Disclosure refers to the process whereby the seller "discloses" information to the buyer that makes the warranties the seller is giving in relation to the target business untrue.
Disclosure does not take place in all acquisitions - in simpler transactions, the warranties may be qualified in the acquisition agreement in such a way so as to make disclosure unnecessary. However, where the warranties are extensive or the target business is relatively complex, the seller will often look to limit its risk of a warranty claim by providing the buyer with a detailed disclosure letter.
Whilst it may seem disingenuous for a buyer to accept disclosures against a warranty, a key incentive for a buyer is to obtain information about the business pre-completion and so provide an opportunity for a price adjustment, negotiation of an indemnity or, if the disclosure is particularly concerning, withdrawal from the transaction.
Whilst many issues that may arise during disclosure may have already been picked up during financial or commercial due diligence (if undertaken by the buyer), there may be new problems that arise during this process.
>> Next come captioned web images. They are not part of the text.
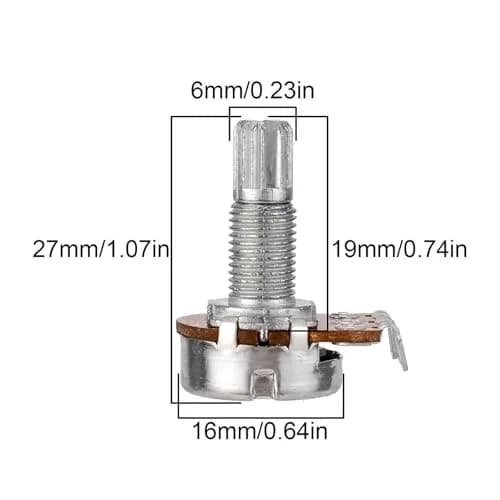 Swhmc Guitar Potentiometer Audio Pots B500K Ohm Replacement 16.5mm Base Dia 18mm Shaft Pack of 10 thumbnail 3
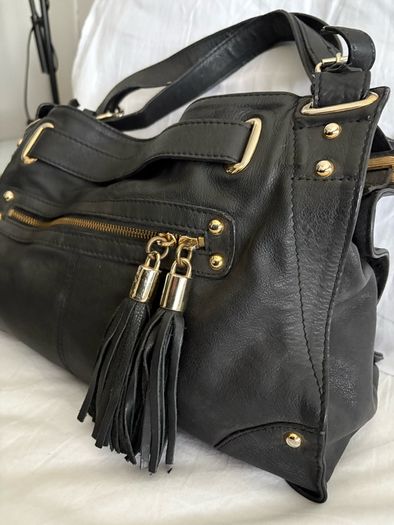 Black pure leather handbag Dune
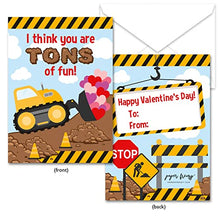 Load image into Gallery viewer, Paper Frenzy Construction Themed Valentine Cards WITH ENVELOPES - 25 Pack
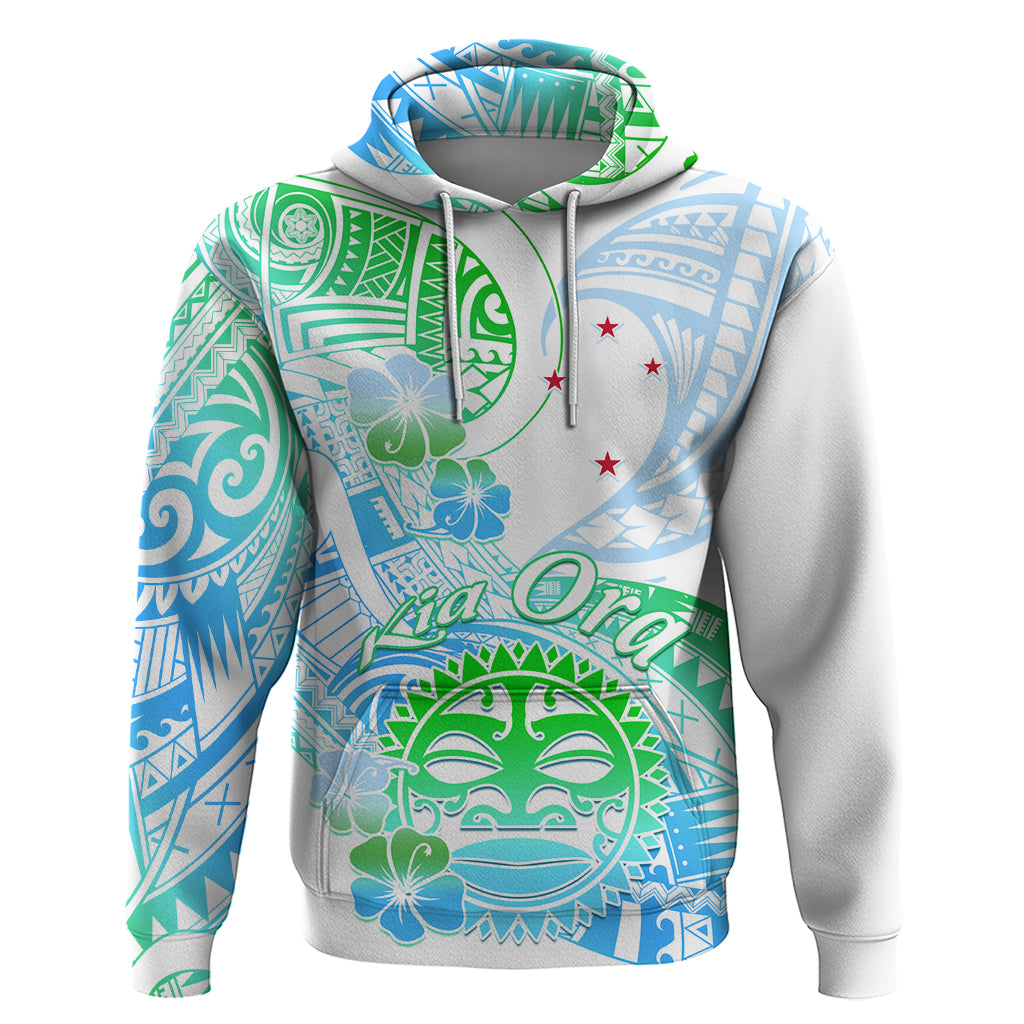 Kia Ora Maori New Zealand Pastel Hoodie Sun Ta Moko Aqua Green Version LT01 Pullover Hoodie Aqua - Polynesian Pride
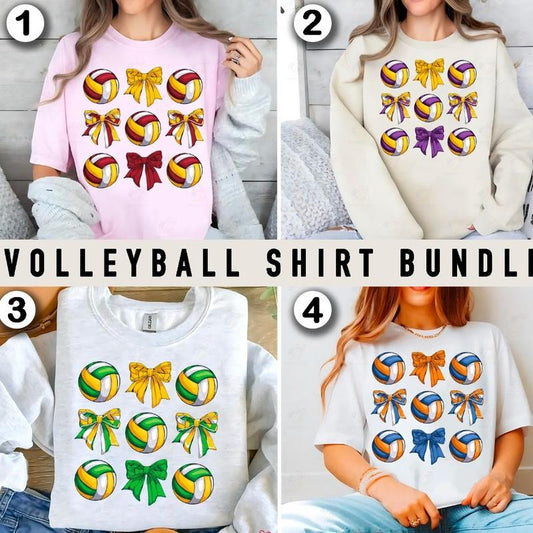 Coquette Volleyball Bow Shirt Bundle, Cute Volleyball Girly Bow Tee, Volleyball Mom
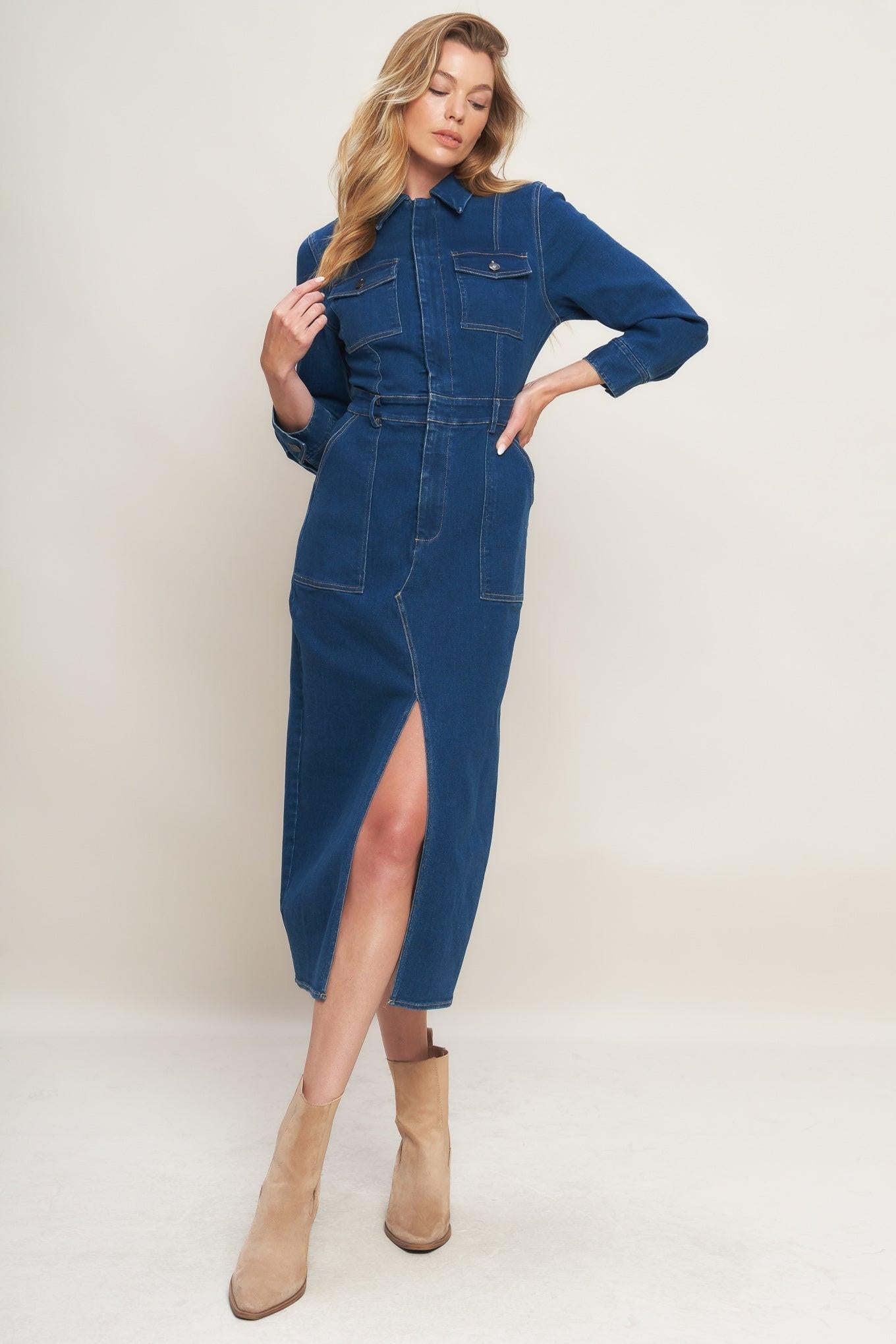 Midnight Dark Indigo Denim Midi Dress, view 1 — Soul Flow Apparel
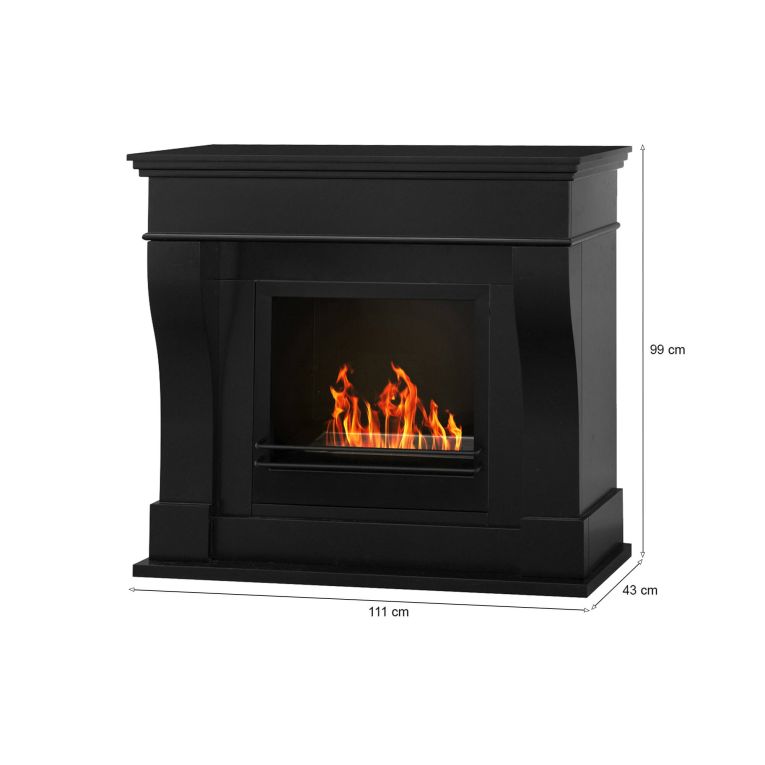 Camino a bioetanolo Dstramaccion, Caminetto ecologico, Focolare senza fumo, Riscaldatore ad etanolo, Made in Italy, 111x43 h99 cm, Nero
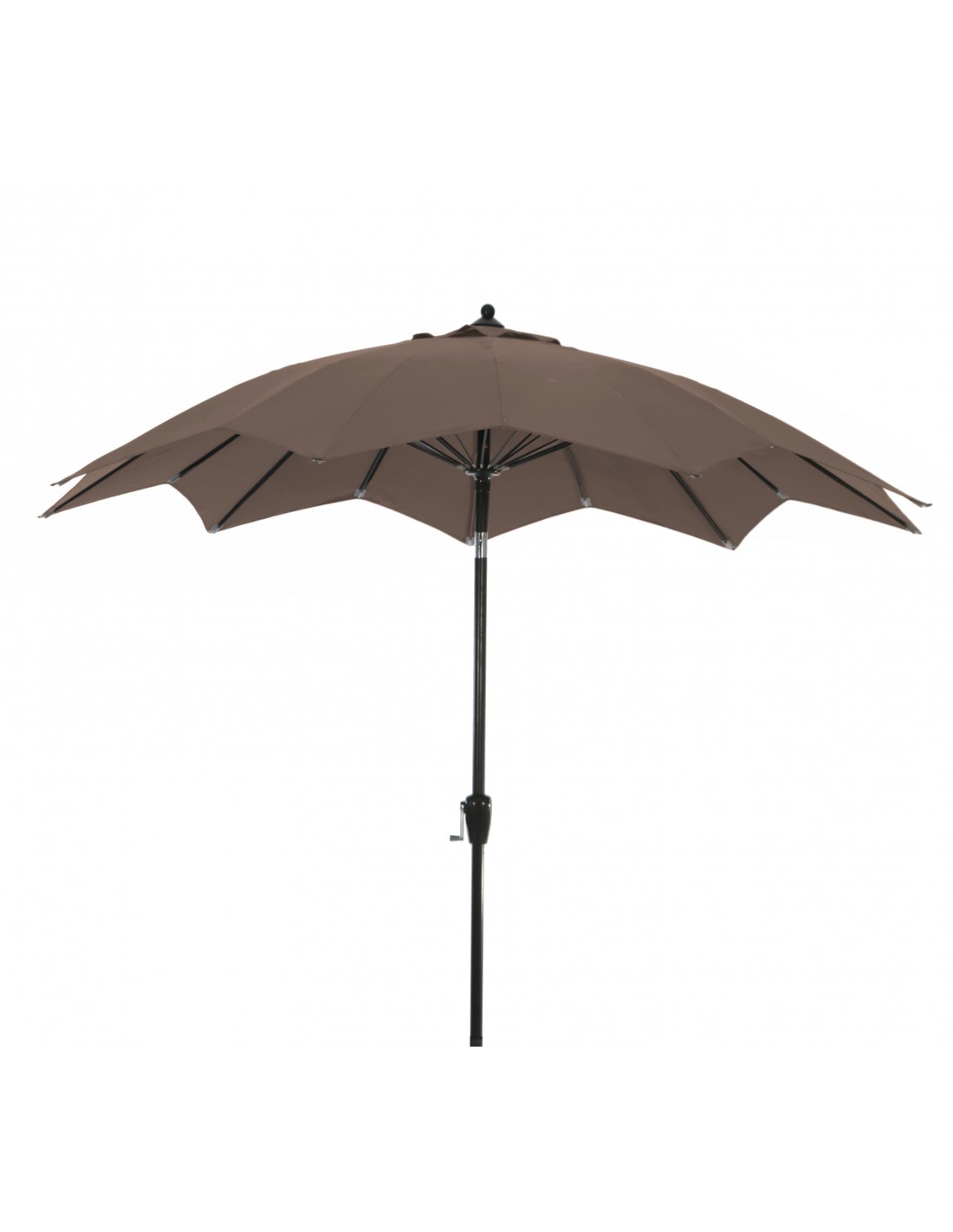 Parasol droit Calice ø300cm grey/taupe PROLOISIRS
In such a case, the buyer needs to consider the impact of such a disclosure on the value of the business and the appropriate course of action. In order to do this, the buyer should seek as much detail about the disclosure as possible, particularly in relation to the likely quantum of any potential liability.
It is worth noting that even if an issue surrounding the target business is not disclosed by the seller, it may be difficult to bring a claim for a breach of warranty in relation to the issue if the buyer knew about the problem prior to completion.